Love for the Eucharistic Lord is the key to sanctity. It matters not whether one's vocation makes a worldwide impact on the history of Christendom like St. Bernard of Clairvaux, or whether one's song of love to our Eucharistic Lord be sung from the cloister of a Carmelite convent like St.Therese of Lisieux. The story is the same; Christ's apostle has the vocation of love: he loves Christ and His Church and has a deep desire for the salvation of all souls. This strong and powerful love, lifting man to heights of courage far beyond one's imagination, stems from and is nourished by Christ, the Eucharistic Lord, who is Love Himself. Who can doubt the Lord's immense and infinite love for himself as he kneels before his God? St. Paul perceives the depths of Christ's love when he cries out "I live in the faith of the Son of God, who loved me and delivered Himself for me." (Gal. 2:20)
While love characterizes the life of the Catholic, it is sometimes a difficult and arduous task. Indeed, "charity bears all things, believes all things, hopes all things, and endures all things." (I Cor 13:7) It requires patience, self-sacrifice, and much prayer before Jesus Christ for the light and strength to live one's vocation to love. Yet the charity of Christ, poured into one's heart, is what makes the Church's members act; one knows that if love ever became extinct, apostles would not preach the Gospel and martyrs would not shed their blood2 Thus, since the very love of Christ compels the apostles to grow in love, he should spend time before the Blessed Sacrament. There, in the silence of his heart, he prays for an increase of his love for God and for perseverance in charity toward others.

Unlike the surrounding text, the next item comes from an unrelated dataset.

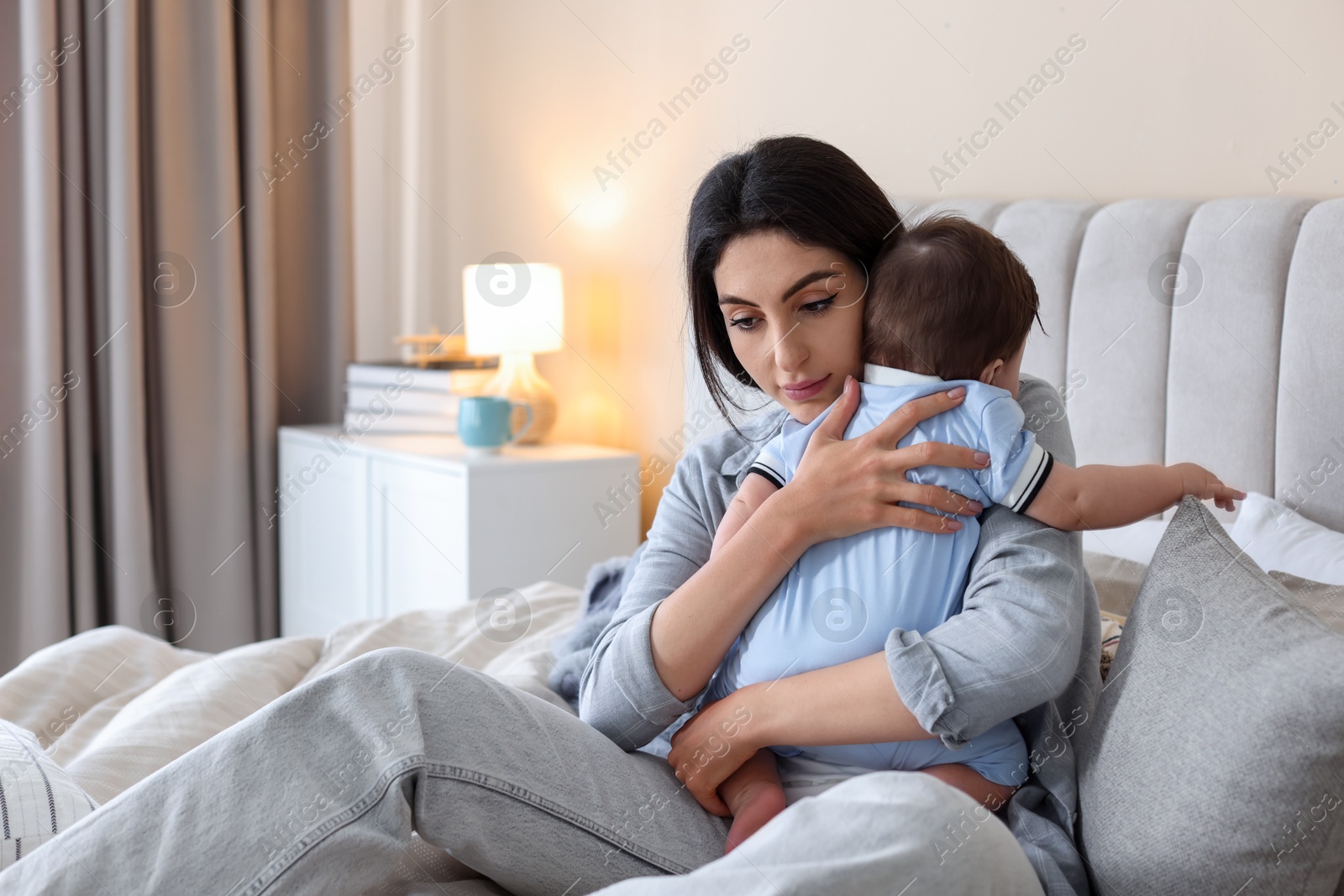 Woman suffering from postpartum depression with her little baby on bed at home. Space for text Photo of Woman suffering from postpartum depression with her little baby on bed at home. Space for text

At one point in her life, St. Therese of Lisieux came to understand that Love comprised all vocations, that love was everything, that it
embraced all times and places
in a word, that it was eternal.3 Thus, all have a vocation to love. This love is for Christ, Present in the
Blessed Sacrament, and love of Him produces heroic sanctity. Therefore, the apostle of Christ will spend even just a few moments
visiting his Eucharistic Jesus daily. He will ask the King of Kings to increase his love for Christ and others. If one is able to say with Saint
Paul, "I have fought a good fight, I have finished my course, I have kept the faith," (2 Tim. 4: 7) then Christ's apostle concludes his life
having learned the lessons of love that Jesus teaches, reigning from all the Tabernacles of the earth.